I had to do A LOT of shadow defogging in Lightroom. The latitude held up really well, though, thankfully. I shot it at ISO 80, which seemed to work pretty well.






















The fogging was so bad in this one I "salvaged" it with b/w lol




A comparison:




It's probably not true to what the film originally looked like, but it looks good to my eye.


----------



## limr (Nov 2, 2015)

Nice! The colors look good. I like shot of the girl and the one of the bike. 

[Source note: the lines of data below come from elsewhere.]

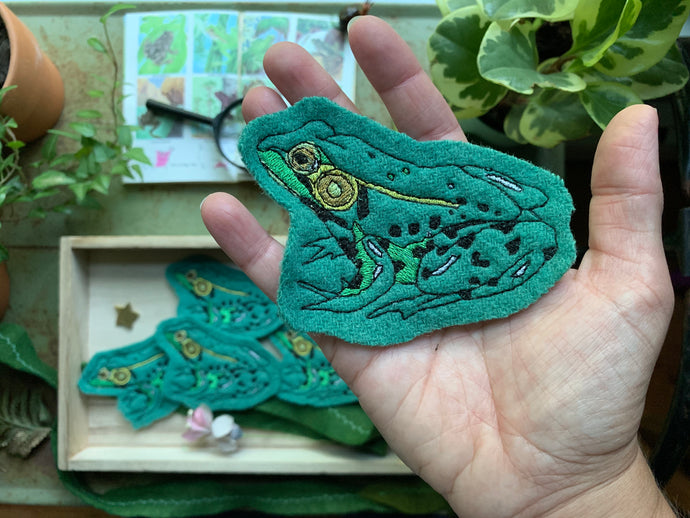 Embroidered Wool Frog Patch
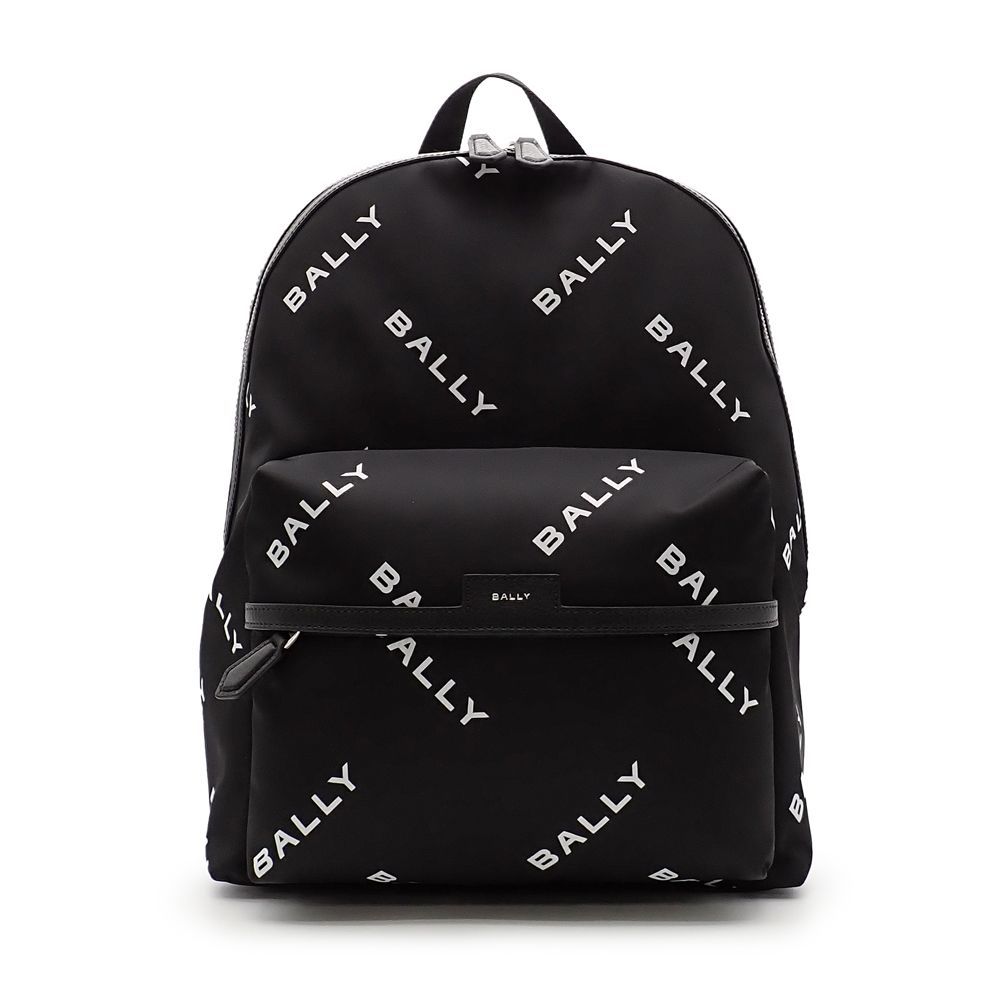 BALLY バリー　リュック　バックパック　ロゴプレート　オールレザー　ブラック BALLY バリー リュック バックパック ロゴプレート オールレザー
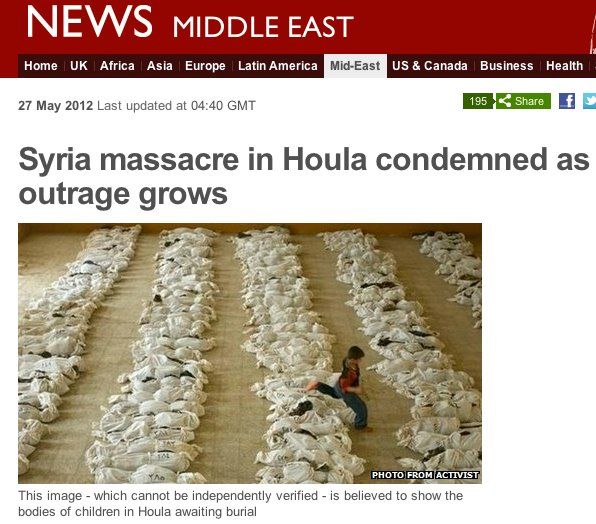 A BBC tévedésből Irak képét használja a szíriai mészárlás történetében
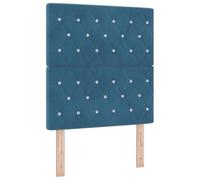 vidaXL Cabezal LED Azul Oscuro con Botones de Cristal Acolchados de 80 cm, montado en la Pared. Mueble Moderno para un Dormitorio de Adultos, diseño tapizado de Terciopelo. Decoración Suave y Ajusta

Expired film won't always fog that badly. Perhaps that batch hadn't been stored cold. And yeah, it's generally good to shoot expired film slower than box speed.


----------



## sabbath999 (Nov 2, 2015)

Love it!


----------



## gsgary (Nov 2, 2015)

I like it uncorrected best in the comparison shot thats why you shot old film for the effect you get


----------



## rexbobcat (Nov 2, 2015)

limr said:


> Nice! The colors look good. I like shot of the girl and the one of the bike.
> 
> Expired film won't always fog that badly. Perhaps that batch hadn't been stored cold. And yeah, it's generally good to shoot expired film slower than box speed.



Thanks!

Yeah I bought it on Ebay for like 3 bucks and the seller said they found it in a drawer, so I wasn't holding out too much hope haha. I'm just glad it held up well enough to be scanned.


----------



## rexbobcat (Nov 2, 2015)

gsgary said:


> I like it uncorrected best in the comparison shot thats why you shot old film for the effect you get



Eh, yeah, I mean, I don't mind some fade, as far as film aesthetics go. But with these photos I felt that the fogging got in the way of the content of the image instead of adding to it.

I mostly got it because it would allow me to shoot with larger apertures in daylight since I could shoot it slower and the Pentax has a max shutter speed of 1/1000, plus it was dirt cheap and I was curious about how it would turn out.

From what I can tell, I would imagine unrefrigerated b/w film would probably hold up much better since it doesn't have multiple layers of emulsion.


----------



## gsgary (Nov 2, 2015)

I have some b+w 20 odd years out of date and it works great


----------